Starting with language environment tcsds-1.2.42, we have added the Knomial algorithm for Bcast and the Rabenseifner algorithm for Reduce and Allreduce. These algorithms are faster than existing algorithms in certain areas.
If the communication of the application program you are using utilizes this high-speed area, performance may be improved by employing the added algorithm.
The Knomial algorithm is an evolution of the traditional Binomial algorithm, promising more efficient broadcast communication.
It has also been confirmed to be faster than existing algorithms in the small message size domain at bychip.
The Rabenseifner algorithm is implemented using a combination of recursive vector halving and recursive distance doubling for the Reduce-scatter phase, followed by either Binomial Gather or Recursive Doubling Allgather.
The Knomial and Rabenseifner algorithms are particularly effective when the job shape is not specified and a 3D shape has not been assigned.
On the other hand, for 3D jobs, performance may be lower than existing algorithms, so please exercise caution when using them.
When using the Knomial algorithm or the Rabenseifner algorithm, the algorithm must be specified.
If thsese algorithm is not specified, the system selects high-speed algorithms available prior to tcsds-1.2.41 according to such information as the argument of the collective communication routine and the shape of the communicator, when the blocking collective communication routine is called.
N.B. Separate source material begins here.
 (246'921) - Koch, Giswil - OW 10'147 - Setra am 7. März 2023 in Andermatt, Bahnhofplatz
As reference information for selecting the Knomial algorithm and Rabenseifner algorithm, measurement results using Intel(R) MPI Benchmarks 2021.3 are published in the FAQ How to use Collective Communication Algorithms(knomial, rabenseifner) in MPI.
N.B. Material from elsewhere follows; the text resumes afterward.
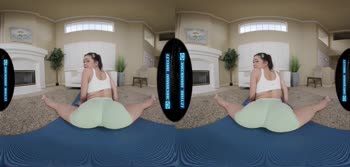 Brianna Arson's Yoga Flexibility Test in Hardcore VR POV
6.12.1. How to Specify Algorithms

There are three methods for specifying algorithms:

  1. Specify MCA parameters

  2. Specify using an Info object

  3. Select algorithms using external input file

For details on the specification method, refer to Chapter 8 “Speeding Up Blocking Collective Communication” in Manuals “MPI User’s Guide”.

6.12.1.1. MCA parameters

Specifies the algorithm to use for the MCA parameter at the time of execution. This selection method does not require retranslation of the application program.

Example to specify the Knomial algorithm as the algorithm of the Bcast routine:

mpiexec --mca coll_select_bcast_algorithm knomial ./a.out

Example to specify the Rabenseifner algorithm as the algorithm of the Reduce routine:

mpiexec --mca coll_select_reduce_algorithm rabenseifner ./a.out

Example to specify the Rabenseifner algorithm as the algorithm of the Allreduce routine:

mpiexec --mca coll_select_allreduce_algorithm rabenseifner ./a.out

6.12.1.2. Specify using an Info object

Specify the algorithm to be used for the info object within the application program. This selection method requires retranslation of the application program.
For details, refer to Section 8.3.1.4 “Selecting Algorithms by Info Object” in Manuals “MPI User’s Guide”.
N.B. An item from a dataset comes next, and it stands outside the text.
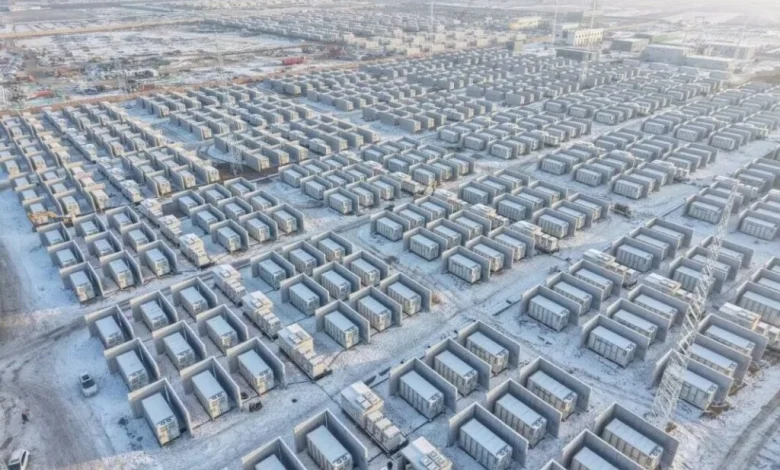 Photo of ربط أكبر بطارية فوسفات الحديد لتخزين الكهرباء عالميًا مع شبكة صينية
The following is an example of part of a program that specifies the Rabenseifer algorithm during the Reduce routine for the communicator MPI_COMM_WORLD.

MPI_Info info;
MPI_Info_create(&info);
MPI_Info_set(info, "reduce_rules", "rabenseifner");
MPI_Comm_set_info(MPI_COMM_WORLD, info);

6.12.1.3. Select algorithms using external input file

Specify the algorithm in an external input file, and designate the external input file using the MCA parameter during execution.
For details, refer to Section 8.3.1.5 “Selecting Algorithms by External Input File” in Manuals “MPI User’s Guide”.

The following is an example of the external input file described the rules to select algorithms entered for using Knomial as the Bcast algorithm and specifying the segment size.

header:
  version: 1.0
  require: mtofu,base

bcast:
  knomial(segsize=65536)

The external input files is used by specifying the filename with the MCA parameter during execution. The following is an example specification for using the /path/to/my_rules.conf file as an external input file.

mpiexec --mca coll_select_dectree_file /path/to/my_rules.conf ./a.out

6.12.1.4. Notes

If the language environment used at the time of execution is earlier than version tcsds-1.2.42, the Knomial algorithm and Rabenseifner algorithm cannot be used. If it cannot be used, the message is putput in the standard error output, the algorithm specification is ignored.